Fast Life is the fourth studio album by American rapper Paul Wall. It was released on May 12, 2009, by Swishahouse, Asylum Records and Warner Bros. Records.

Background
Rapper Paul Wall spoke about the album Fast Life, about taking something stronger than his previous albums, with both his lyrics and its production; as well as cover several more topics:

I really stepped it up a lot lyrically because I wanted this record to show real strength and emotion because y'all know Rap is so deep at times and I took that opportunity to just write lyrics that told my story and showed people that I mean something deep which y'all never really realised but now realise, also on the production side we really stepped it up a lot. We worked with a lot of new producers, a lot of new artists that I didn't work with in the past, so they'll get to see a lot of different vibes that they might have not seen with me with past albums. Subject matter we went a little more in-depth, talked about a lot of different things that I never really spoke on—I might have mentioned it here and there but never really made whole songs about. I had a lot of fun working on the album.

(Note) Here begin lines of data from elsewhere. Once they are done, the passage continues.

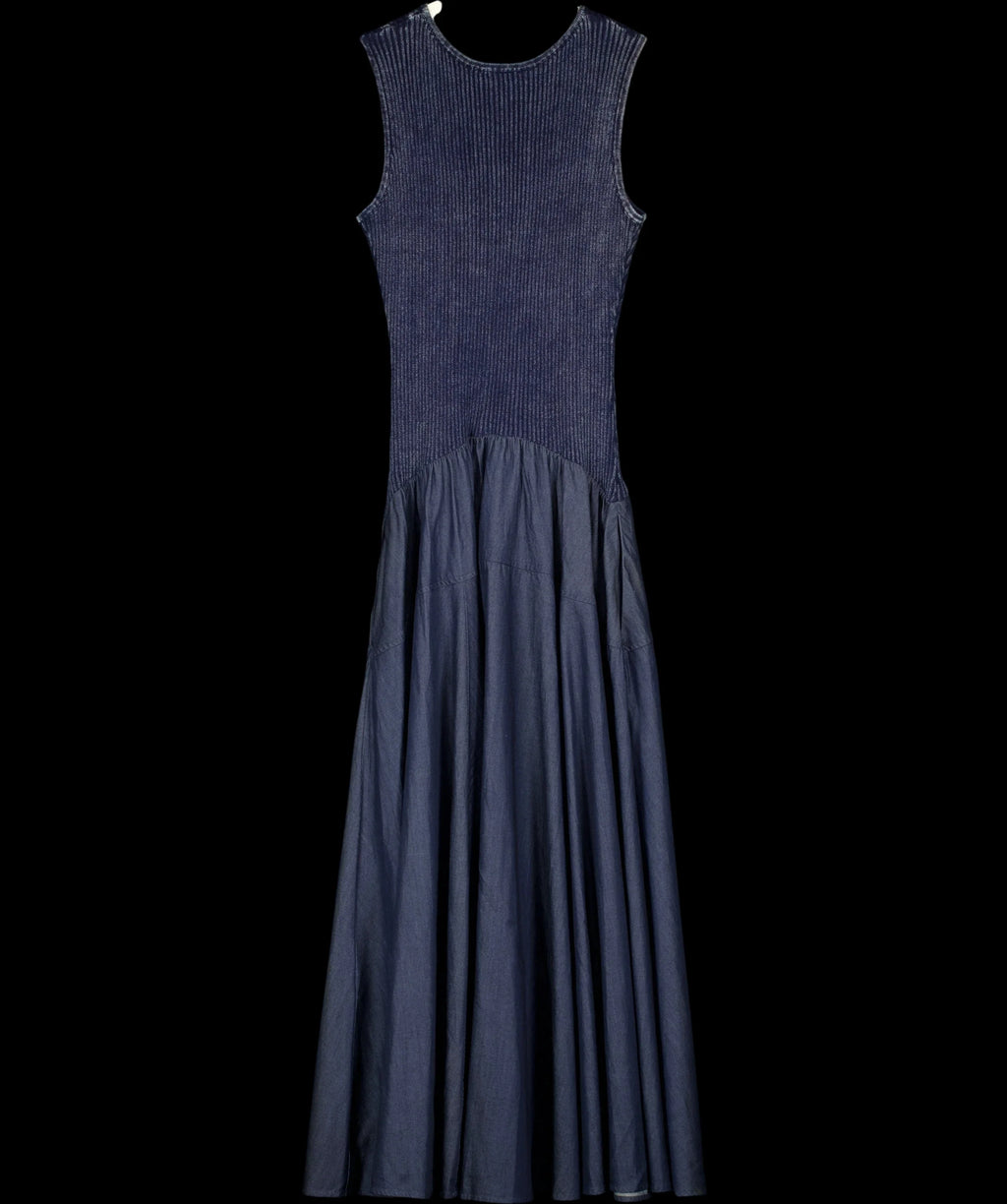 Fabrique Blue x Rebekka Bach Keira Sleeveless Panel Maxi Dress Washed Blue Denim, size UK S — label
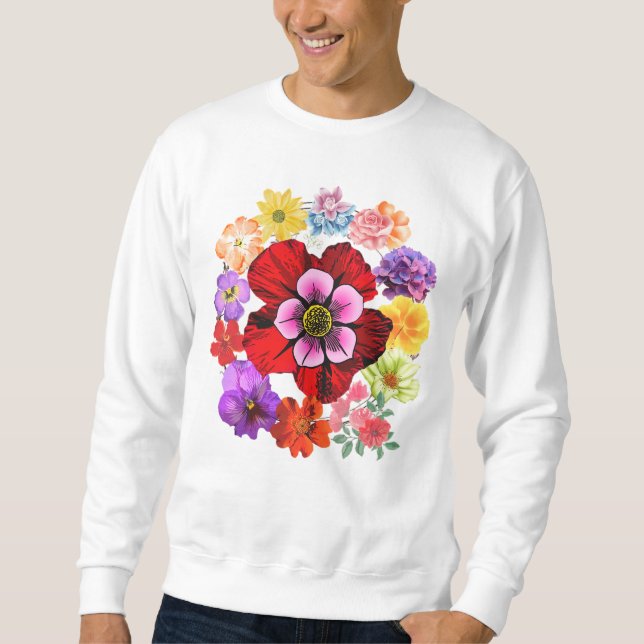 Blommig – Elegant botanisk blommig design  Lång Ärmad Tröja (Framsida)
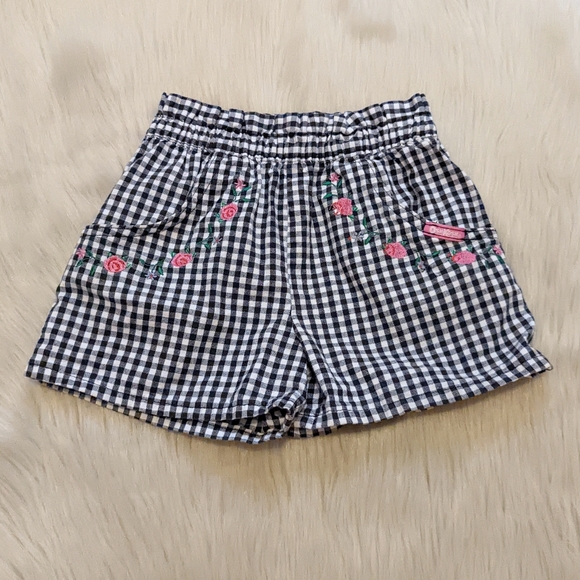 OshKosh B'gosh Other - OshKosh B'gosh black and white gingham and pink rose shorts size 4T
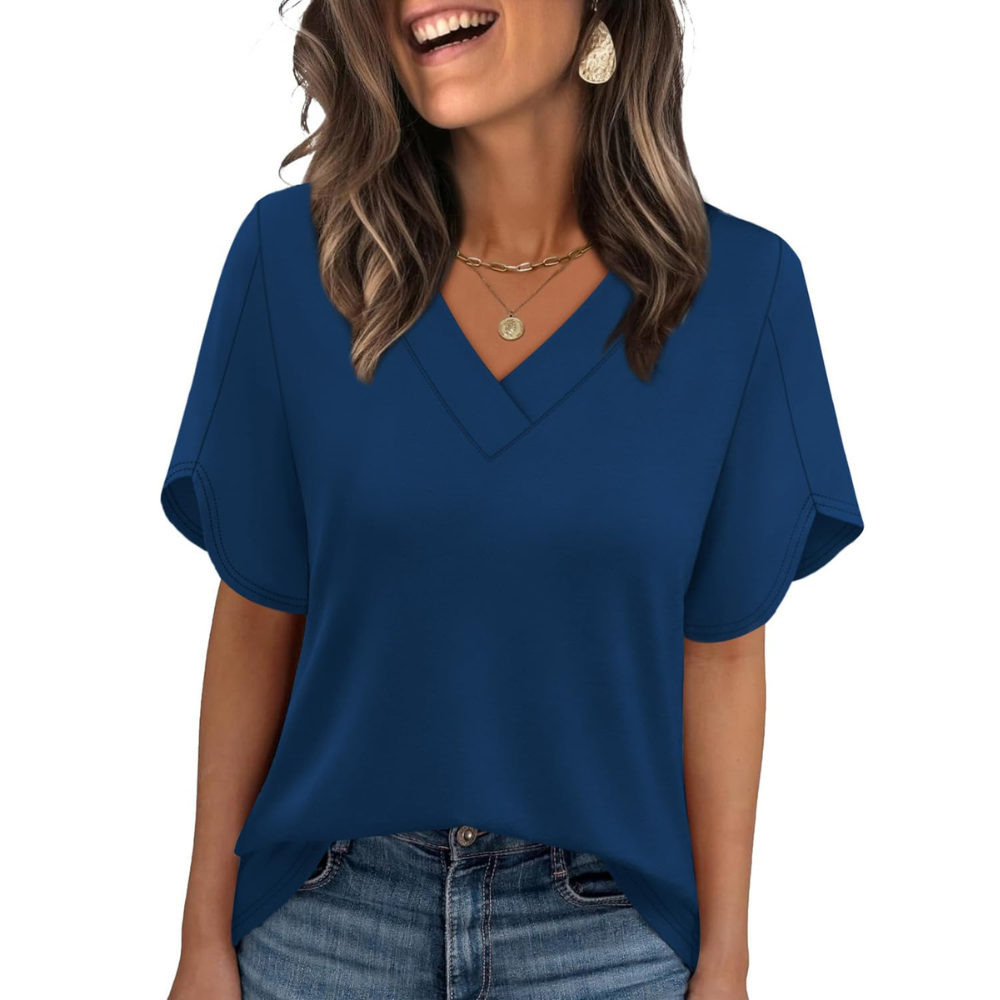 Summer Short Petal Sleeve T Shirts For Women
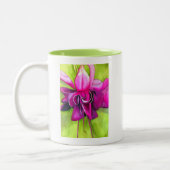 Tasse 2 Couleurs Fuchsia pop art watercolour flower (Gauche)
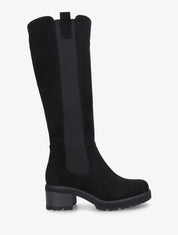 Bottes élastiquées en suédine à bout rond - Noir - 1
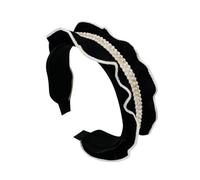 SOESFOUFU Ruffled Fabric Pearl Headband for Women Elastic Non-slip Hair Accessory with Artificial Pearls Comfortable Fit for Daily Wear Parties Ceremonies Stylish Black Design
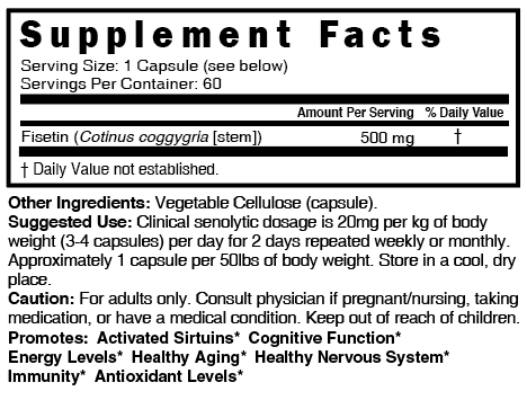 Fisetin 500 mg - 60ct - Tree Spirit Wellness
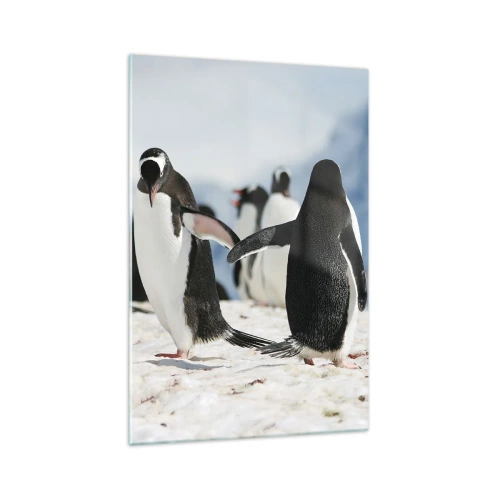Impression sur verre - Image sur verre - Un groupe de pingouins dans la neige dans un paysage antarctique - 70x100cm - Danser dans la neige - Décoration murale moderne pour le salon et la chambre ARTTOR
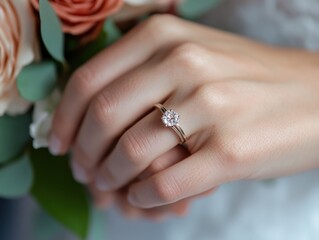 engagement ring on hand holding flowers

"You're going to hear in-depth topics," he says, adding that he's been recording nonstop for the album for the last two years, a feat that has given him more than 50 songs to choose from. "You'll hear some stuff that you might not be used to hearing."

Singles
The album's lead single "Bizzy Body" featuring Webbie and Mouse, who is the producer by the latter on this track. It was released on December 2, 2008. The music video premiered on March 27, 2009 via MySpace.

The album's second single "Lemon Drop" featuring Baby Bash, was released on the same day as the music video on July 13, 2009.

The album's third single "Got to Get It" premiered on July 23, 2009, along with the accompanying music video.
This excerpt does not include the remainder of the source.